Two years later, The Rough and Rowdy Ways tour began, and it continues with Dylan scheduled to join Willie Nelson along with an impressive lineup that includes Robert Plant, Alison Krauss, John Mellencamp, and Billy Strings at the 2024 Outlaw Summer Festival.
Why does he keep touring?
I keep touring because: it is a perfect way to stay anonymous and still be a member of the social order,” he said. “You’re the master of your fate. But it’s not an easy path to take, not fun and games.
Wall Street Journal
Happy Birthday, Bob. I find myself remembering you on a hot monsoonal night in the summer of 1988. You were playing at the amphitheater in Mesa, Arizona. Lightning struck during “Mr Tambourine Man.” Of course it did. At the time, a brand new immigrant to the United States, those were days of wonder for me, days before we worried about what waited around the corner – before we were observant, and before we knew better.
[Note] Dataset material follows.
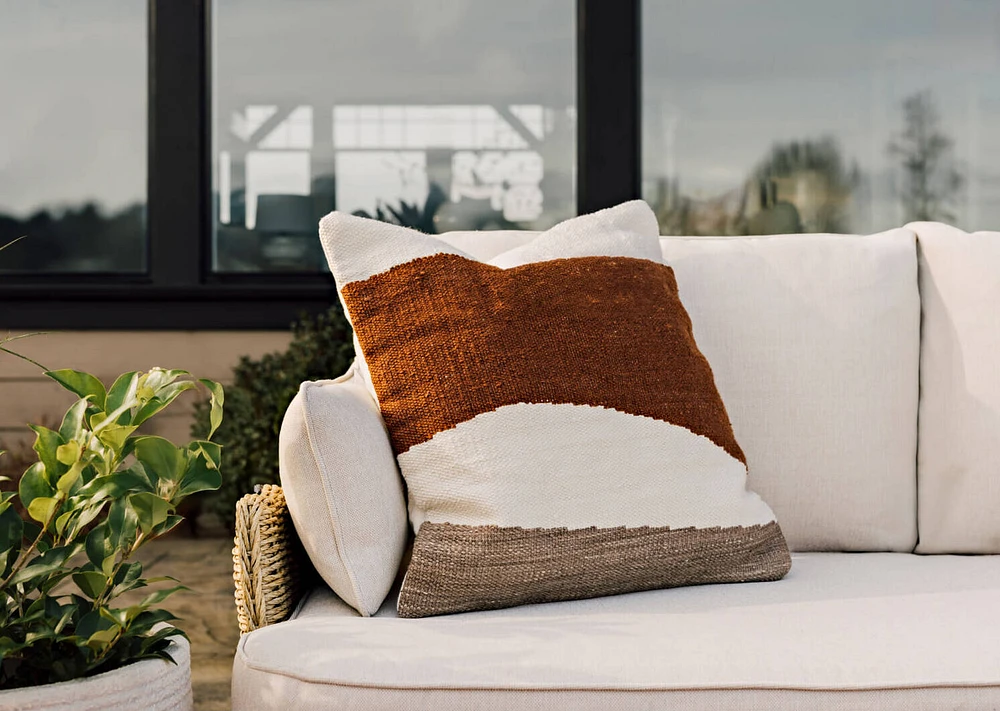 Tova Outdoor Pillow 21x21 Rust/Ivory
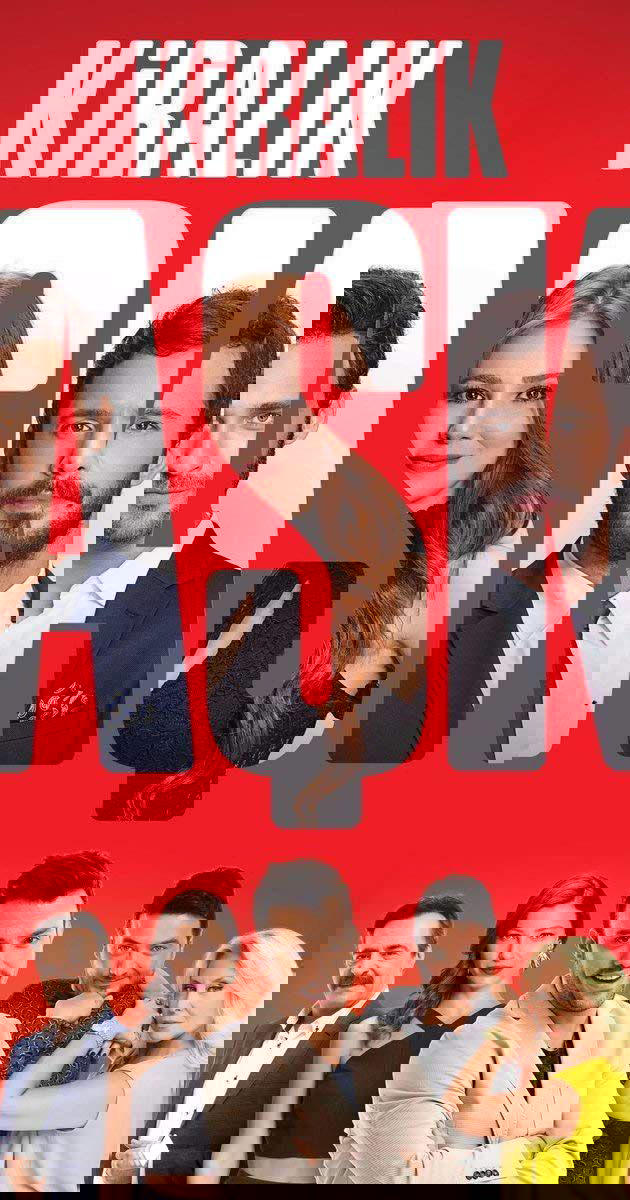 Красочный рекламный плакат сериала «Kiralik Ask» с тремя главными персонажами на красном фоне и группой актёров внизу, лицевые портреты героев.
As easy it was to tell black from white It was all that easy to tell wrong from right And our choices were few and the thought never hit That the one road we traveled would ever shatter and split
On your birthday – and every day, Bob Dylan – may you stay safe, stay observant, and may God be with you.
P.S. I see you’re heading back to Buffalo in September. Maybe I’ll be seeing you again. I love a full circle moment.